Set down, exactly and with nothing added, the lines running from the one that holds "If anyone watching" to the final line of the records. Pictures stay out of the copy.

Stored data
::::

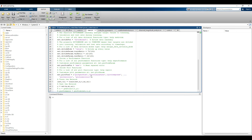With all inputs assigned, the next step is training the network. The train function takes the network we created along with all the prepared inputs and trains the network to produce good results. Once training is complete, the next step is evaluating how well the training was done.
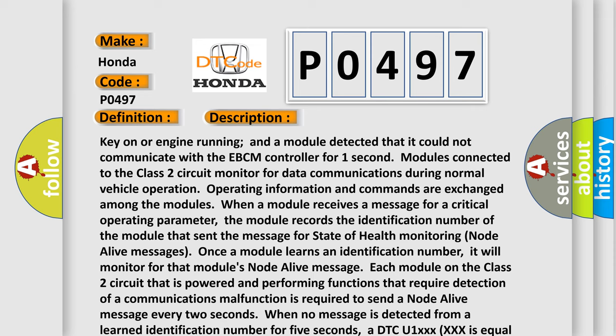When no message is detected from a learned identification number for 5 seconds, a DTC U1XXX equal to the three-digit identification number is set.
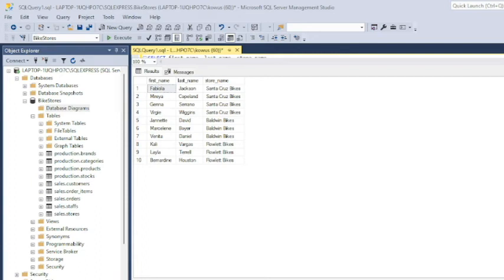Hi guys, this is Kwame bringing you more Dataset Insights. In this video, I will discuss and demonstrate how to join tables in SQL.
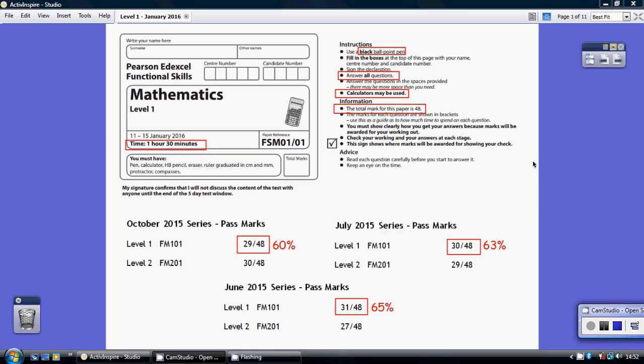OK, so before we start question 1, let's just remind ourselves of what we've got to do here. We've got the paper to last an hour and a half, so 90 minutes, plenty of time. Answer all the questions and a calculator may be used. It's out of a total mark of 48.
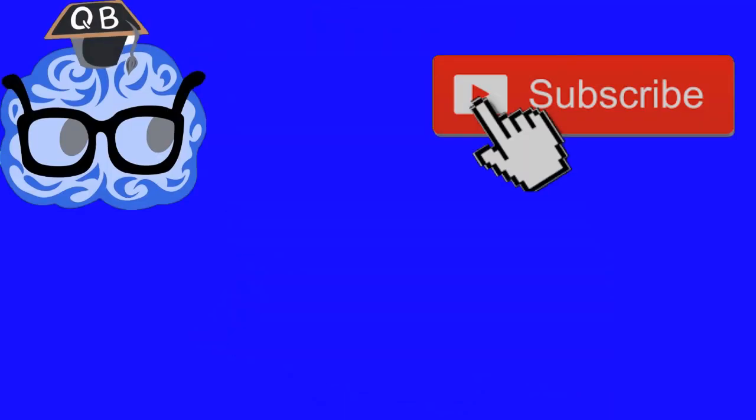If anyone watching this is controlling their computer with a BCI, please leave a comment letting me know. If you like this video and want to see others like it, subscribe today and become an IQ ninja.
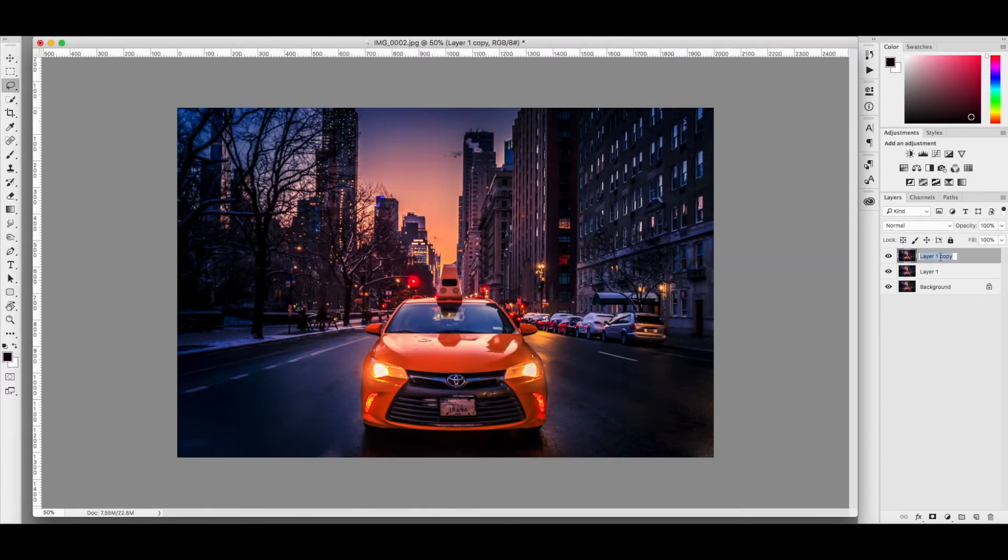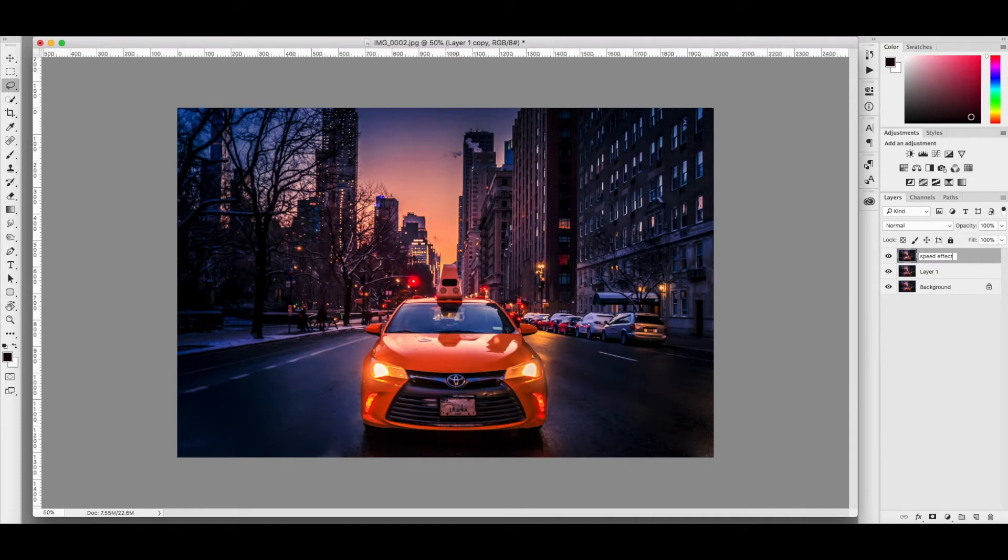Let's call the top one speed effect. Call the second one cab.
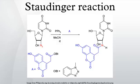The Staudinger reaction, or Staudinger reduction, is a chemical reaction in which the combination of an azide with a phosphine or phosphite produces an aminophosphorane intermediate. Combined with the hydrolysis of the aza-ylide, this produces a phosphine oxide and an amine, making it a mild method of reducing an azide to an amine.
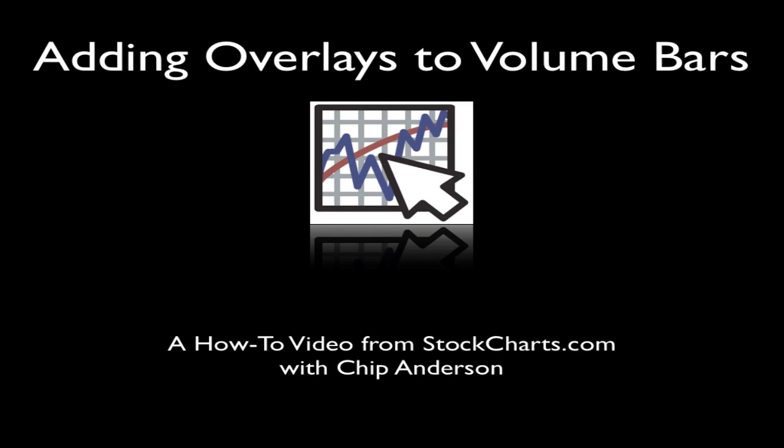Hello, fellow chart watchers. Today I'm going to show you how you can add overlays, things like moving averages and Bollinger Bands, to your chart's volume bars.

::::

> _EXERCISE ANSWER_:
If anyone watching this is controlling their computer with a BCI, please leave a comment letting me know. If you like this video and want to see others like it, subscribe today and become an IQ ninja.
Let's call the top one speed effect. Call the second one cab.
The Staudinger reaction, or Staudinger reduction, is a chemical reaction in which the combination of an azide with a phosphine or phosphite produces an aminophosphorane intermediate. Combined with the hydrolysis of the aza-ylide, this produces a phosphine oxide and an amine, making it a mild method of reducing an azide to an amine.
Hello, fellow chart watchers. Today I'm going to show you how you can add overlays, things like moving averages and Bollinger Bands, to your chart's volume bars.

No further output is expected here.